Given some type T you wrap as RefCounted!T object, then proper use of
the auto-initialization feature or manual initialization on demand
ensures that no null-pointer dereference will happen. But the other
problem is that as long as the wrapped object is uninitialized, the
object behaves like a value type instead of a reference type.

This exactly is what makes the following code fail:

Array!(Array!int) array2d;
array2d.length = 1;
array2d[0].insert(1);

The inner array "array2d[0]" was not initialized and hence the reference
pointer is null. Since Array.opIndex returns by value, the 'insert'
method is called on a temporary object and does not affect the inner
array (still being empty) which is stored in the outer array.

What do you think about this?

Must the user ensure that the Array container is always initialized
explicitly? If yes, how shall this happen since the only constructor
takes a (non-empty) tuple of new elements. Or shall opIndex return by
reference?

The problem arises in the same way if Array was a class - but then the
user typically knows that after enlarging the outer array, the inner
array is a null pointer which must be created by new.

Best regards,

Matthias Walter
July 18, 2012
Re: Initialization of std.typecons.RefCounted objects
Matthias Walter , dans le message (digitalmars.D:172673), a écrit :
> I looked at Bug #6153 (Array!(Array!int) failure) and found that the
>
> This exactly is what makes the following code fail:
> 
> Array!(Array!int) array2d;
> array2d.length = 1;
> array2d[0].insert(1);
> 
> The inner array "array2d[0]" was not initialized and hence the reference
> pointer is null. Since Array.opIndex returns by value, the 'insert'
> method is called on a temporary object and does not affect the inner
> array (still being empty) which is stored in the outer array.
> 
> What do you think about this?
> 
> Must the user ensure that the Array container is always initialized
> explicitly? If yes, how shall this happen since the only constructor
> takes a (non-empty) tuple of new elements. Or shall opIndex return by
> reference?

I think opIndex should return by reference. opIndexAssign is of no help 
when the user want to use a function that takes a reference (here 
Array.insert). It is normal that Array uses default construction when 
someone increases the array's length.

Besides that point, I don't see why default-constructed Array have an 
uninitialised Payload. This makes uninitialised Array behaves 
unexpectedly, because making a copy and using the copy will not affect 
the original, which is not the intended reference value behavior.

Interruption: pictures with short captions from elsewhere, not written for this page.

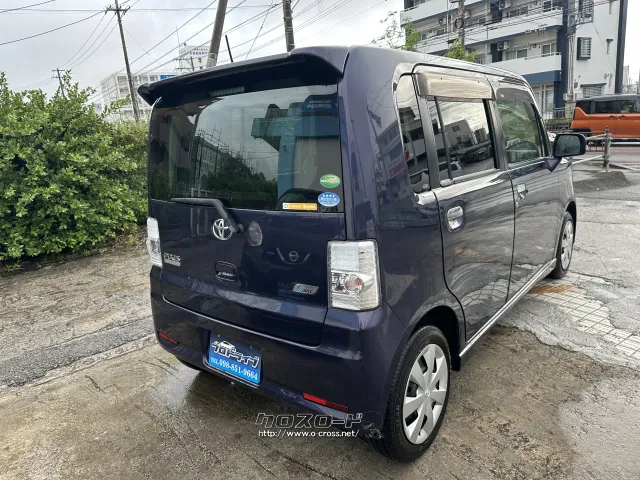 トヨタ ピクシススペース
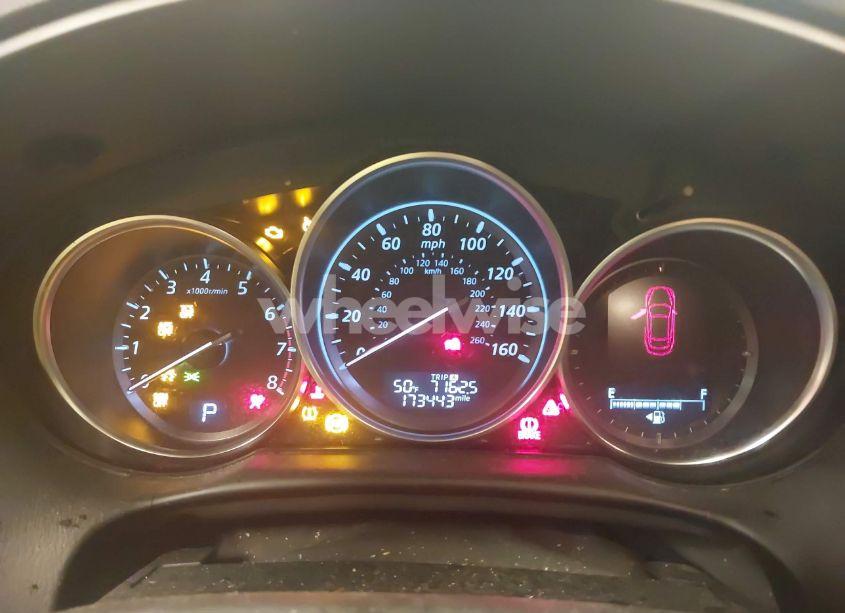 Photo 7 of 2014 Mazda Cx-5 GRAND TOURING (VIN JM3KE4DY5E0305882)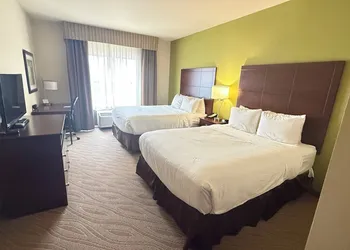 Comfort Inn & Suites Marquette - Prairie du Chien hotel thumbnail 7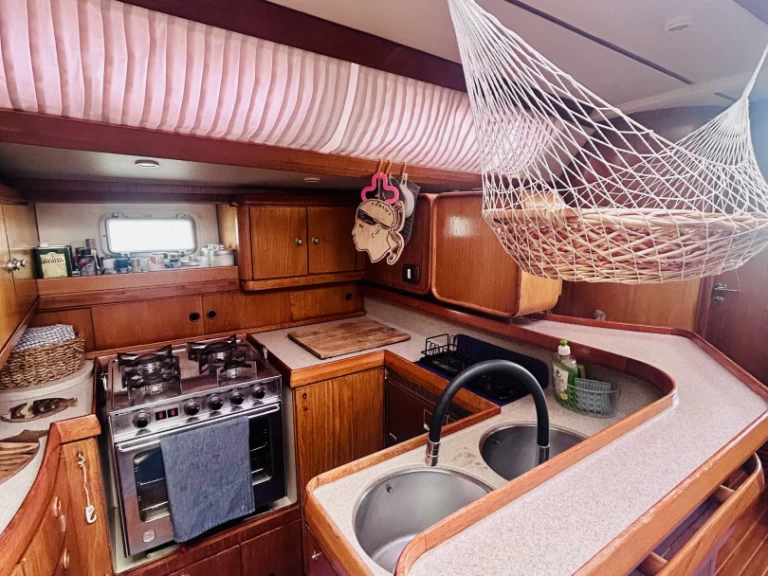 Noleggio a Teulada – Jeanneau Sun Odyssey 51 su SamBoat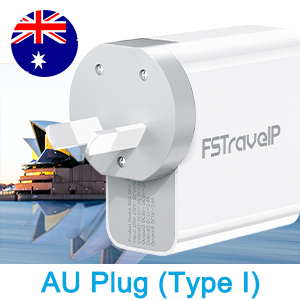 type I plug (au plug)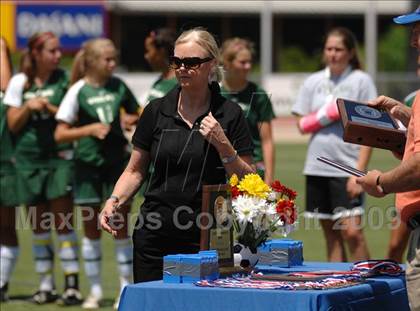Thumbnail 1 in White Oak vs Kings Mountain (NCHSAA 3-A Final) photogallery.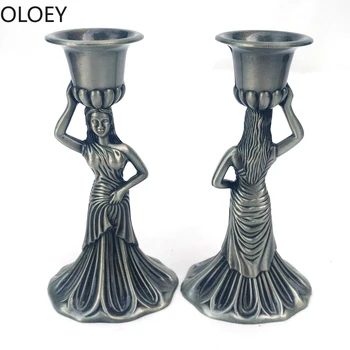 

Nordic Classical Russian Candlestick Decor Holder Candle Holders Russia Beauty Tea Light Holder Candle Lantern Centerpieces 2020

Correcting default-initialization of Array would correct your bug, but 
would not correct the wrong behavior of Array when the value returned by 
opIndex is used with a non-const method with other objects (dynamic 
arrays?). So both have to be changed in my opinion.

-- 
Christophe
July 18, 2012
Re: Initialization of std.typecons.RefCounted objects
I see you found the appropriate entry to discuss this bug:

http://d.puremagic.com/issues/show_bug.cgi?id=6153
July 19, 2012
Re: Initialization of std.typecons.RefCounted objects
On Wednesday, 18 July 2012 at 13:32:39 UTC, 
travert@phare.normalesup.org (Christophe Travert) wrote:
> I think opIndex should return by reference. opIndexAssign is of 
> no help
> when the user want to use a function that takes a reference 
> (here
> Array.insert).

Having already brought this up before, the answer to that is that 
the containers inside "container" are meant to be "closed" and 
not give access to the addresses of their internals, so the 
return by value is on purpose:

Here is Andrei's post about this:
http://forum.dlang.org/thread/ceftaiklanejfhodbpix@forum.dlang.org?page=2#post-jthdko:24231u:241:40digitalmars.com

That said, I had brought up the exact same issue here:
http://forum.dlang.org/thread/bkozswmsgeibarowfwvq@forum.dlang.org

> It is normal that Array uses default construction when
> someone increases the array's length.
> Besides that point, I don't see why default-constructed Array 
> have an
> uninitialised Payload. This makes uninitialised Array behaves
> unexpectedly, because making a copy and using the copy will not 
> affect
> the original, which is not the intended reference value 
> behavior.

I think it would be better to "initialize on copy", rather than 
default initialize. There are too many cases an empty array is 
created, then initialized on the next line, or passed to 
something else that does the initialization proper.

You'd get the correct behavior, and everything else (except dupe) 
works fine anyways.
July 19, 2012
Re: Initialization of std.typecons.RefCounted objects
"monarch_dodra" , dans le message (digitalmars.D:172700), a écrit :
> I think it would be better to "initialize on copy", rather than 
> default initialize. There are too many cases an empty array is 
> created, then initialized on the next line, or passed to 
> something else that does the initialization proper.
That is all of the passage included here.